(WHAT THE TASK REQUIRES): Set down all of the entries exactly, leaving nothing out.

(Dataset records):

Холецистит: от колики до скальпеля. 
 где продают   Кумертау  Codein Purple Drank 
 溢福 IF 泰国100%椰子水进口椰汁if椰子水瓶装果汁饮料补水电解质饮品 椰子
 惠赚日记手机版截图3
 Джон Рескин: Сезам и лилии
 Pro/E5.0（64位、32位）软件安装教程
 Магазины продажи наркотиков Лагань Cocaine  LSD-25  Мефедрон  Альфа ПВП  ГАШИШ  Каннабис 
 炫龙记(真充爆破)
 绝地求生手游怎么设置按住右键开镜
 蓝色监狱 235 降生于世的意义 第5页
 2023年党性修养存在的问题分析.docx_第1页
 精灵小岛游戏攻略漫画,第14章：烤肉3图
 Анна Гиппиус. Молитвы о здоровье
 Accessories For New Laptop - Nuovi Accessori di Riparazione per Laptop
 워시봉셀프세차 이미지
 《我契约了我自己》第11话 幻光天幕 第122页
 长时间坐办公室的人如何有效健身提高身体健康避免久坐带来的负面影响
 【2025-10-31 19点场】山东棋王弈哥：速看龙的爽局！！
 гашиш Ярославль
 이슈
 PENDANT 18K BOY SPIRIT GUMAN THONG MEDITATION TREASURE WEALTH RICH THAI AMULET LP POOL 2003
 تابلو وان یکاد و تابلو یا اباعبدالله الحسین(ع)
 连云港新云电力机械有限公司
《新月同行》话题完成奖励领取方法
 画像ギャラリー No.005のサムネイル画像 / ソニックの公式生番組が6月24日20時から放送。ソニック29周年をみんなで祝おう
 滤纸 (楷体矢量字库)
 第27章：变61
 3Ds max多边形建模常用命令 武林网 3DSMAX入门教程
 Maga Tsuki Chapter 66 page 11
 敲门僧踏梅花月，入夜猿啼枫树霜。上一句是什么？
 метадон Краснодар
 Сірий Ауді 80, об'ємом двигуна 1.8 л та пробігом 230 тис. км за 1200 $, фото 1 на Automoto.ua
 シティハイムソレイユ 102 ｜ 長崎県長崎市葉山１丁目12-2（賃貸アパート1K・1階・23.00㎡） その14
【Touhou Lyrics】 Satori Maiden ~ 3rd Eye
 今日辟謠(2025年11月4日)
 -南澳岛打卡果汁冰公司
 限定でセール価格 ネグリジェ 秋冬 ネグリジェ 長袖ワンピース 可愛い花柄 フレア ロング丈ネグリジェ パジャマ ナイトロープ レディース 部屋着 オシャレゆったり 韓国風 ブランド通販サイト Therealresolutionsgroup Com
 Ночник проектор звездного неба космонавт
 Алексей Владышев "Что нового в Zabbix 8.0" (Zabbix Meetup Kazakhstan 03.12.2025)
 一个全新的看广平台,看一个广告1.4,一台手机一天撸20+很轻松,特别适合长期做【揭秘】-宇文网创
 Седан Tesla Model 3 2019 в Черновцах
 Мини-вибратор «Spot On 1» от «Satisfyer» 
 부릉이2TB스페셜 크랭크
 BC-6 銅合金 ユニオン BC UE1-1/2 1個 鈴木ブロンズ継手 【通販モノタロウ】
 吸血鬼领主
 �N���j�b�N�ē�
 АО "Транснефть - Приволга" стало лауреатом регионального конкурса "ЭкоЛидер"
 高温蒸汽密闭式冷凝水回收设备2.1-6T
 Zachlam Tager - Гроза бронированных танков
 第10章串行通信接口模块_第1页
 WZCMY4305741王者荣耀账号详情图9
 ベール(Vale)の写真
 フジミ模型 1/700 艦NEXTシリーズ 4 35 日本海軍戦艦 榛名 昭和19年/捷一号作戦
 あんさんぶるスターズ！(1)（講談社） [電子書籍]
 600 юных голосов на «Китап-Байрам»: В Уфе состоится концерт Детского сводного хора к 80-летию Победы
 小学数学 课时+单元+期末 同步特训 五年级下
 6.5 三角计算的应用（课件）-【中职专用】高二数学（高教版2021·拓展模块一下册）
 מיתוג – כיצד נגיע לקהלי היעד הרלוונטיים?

(EXERCISE RESPONSE):
Холецистит: от колики до скальпеля. 
 где продают   Кумертау  Codein Purple Drank 
 溢福 IF 泰国100%椰子水进口椰汁if椰子水瓶装果汁饮料补水电解质饮品 椰子
 惠赚日记手机版截图3
 Джон Рескин: Сезам и лилии
 Pro/E5.0（64位、32位）软件安装教程
 Магазины продажи наркотиков Лагань Cocaine  LSD-25  Мефедрон  Альфа ПВП  ГАШИШ  Каннабис 
 炫龙记(真充爆破)
 绝地求生手游怎么设置按住右键开镜
 蓝色监狱 235 降生于世的意义 第5页
 2023年党性修养存在的问题分析.docx_第1页
 精灵小岛游戏攻略漫画,第14章：烤肉3图
 Анна Гиппиус. Молитвы о здоровье
 Accessories For New Laptop - Nuovi Accessori di Riparazione per Laptop
 워시봉셀프세차 이미지
 《我契约了我自己》第11话 幻光天幕 第122页
 长时间坐办公室的人如何有效健身提高身体健康避免久坐带来的负面影响
 【2025-10-31 19点场】山东棋王弈哥：速看龙的爽局！！
 гашиш Ярославль
 이슈
 PENDANT 18K BOY SPIRIT GUMAN THONG MEDITATION TREASURE WEALTH RICH THAI AMULET LP POOL 2003
 تابلو وان یکاد و تابلو یا اباعبدالله الحسین(ع)
 连云港新云电力机械有限公司
《新月同行》话题完成奖励领取方法
 画像ギャラリー No.005のサムネイル画像 / ソニックの公式生番組が6月24日20時から放送。ソニック29周年をみんなで祝おう
 滤纸 (楷体矢量字库)
 第27章：变61
 3Ds max多边形建模常用命令 武林网 3DSMAX入门教程
 Maga Tsuki Chapter 66 page 11
 敲门僧踏梅花月，入夜猿啼枫树霜。上一句是什么？
 метадон Краснодар
 Сірий Ауді 80, об'ємом двигуна 1.8 л та пробігом 230 тис. км за 1200 $, фото 1 на Automoto.ua
 シティハイムソレイユ 102 ｜ 長崎県長崎市葉山１丁目12-2（賃貸アパート1K・1階・23.00㎡） その14
【Touhou Lyrics】 Satori Maiden ~ 3rd Eye
 今日辟謠(2025年11月4日)
 -南澳岛打卡果汁冰公司
 限定でセール価格 ネグリジェ 秋冬 ネグリジェ 長袖ワンピース 可愛い花柄 フレア ロング丈ネグリジェ パジャマ ナイトロープ レディース 部屋着 オシャレゆったり 韓国風 ブランド通販サイト Therealresolutionsgroup Com
 Ночник проектор звездного неба космонавт
 Алексей Владышев "Что нового в Zabbix 8.0" (Zabbix Meetup Kazakhstan 03.12.2025)
 一个全新的看广平台,看一个广告1.4,一台手机一天撸20+很轻松,特别适合长期做【揭秘】-宇文网创
 Седан Tesla Model 3 2019 в Черновцах
 Мини-вибратор «Spot On 1» от «Satisfyer» 
 부릉이2TB스페셜 크랭크
 BC-6 銅合金 ユニオン BC UE1-1/2 1個 鈴木ブロンズ継手 【通販モノタロウ】
 吸血鬼领主
 �N���j�b�N�ē�
 АО "Транснефть - Приволга" стало лауреатом регионального конкурса "ЭкоЛидер"
 高温蒸汽密闭式冷凝水回收设备2.1-6T
 Zachlam Tager - Гроза бронированных танков
 第10章串行通信接口模块_第1页
 WZCMY4305741王者荣耀账号详情图9
 ベール(Vale)の写真
 フジミ模型 1/700 艦NEXTシリーズ 4 35 日本海軍戦艦 榛名 昭和19年/捷一号作戦
 あんさんぶるスターズ！(1)（講談社） [電子書籍]
 600 юных голосов на «Китап-Байрам»: В Уфе состоится концерт Детского сводного хора к 80-летию Победы
 小学数学 课时+单元+期末 同步特训 五年级下
 6.5 三角计算的应用（课件）-【中职专用】高二数学（高教版2021·拓展模块一下册）
 מיתוג – כיצד נגיע לקהלי היעד הרלוונטיים?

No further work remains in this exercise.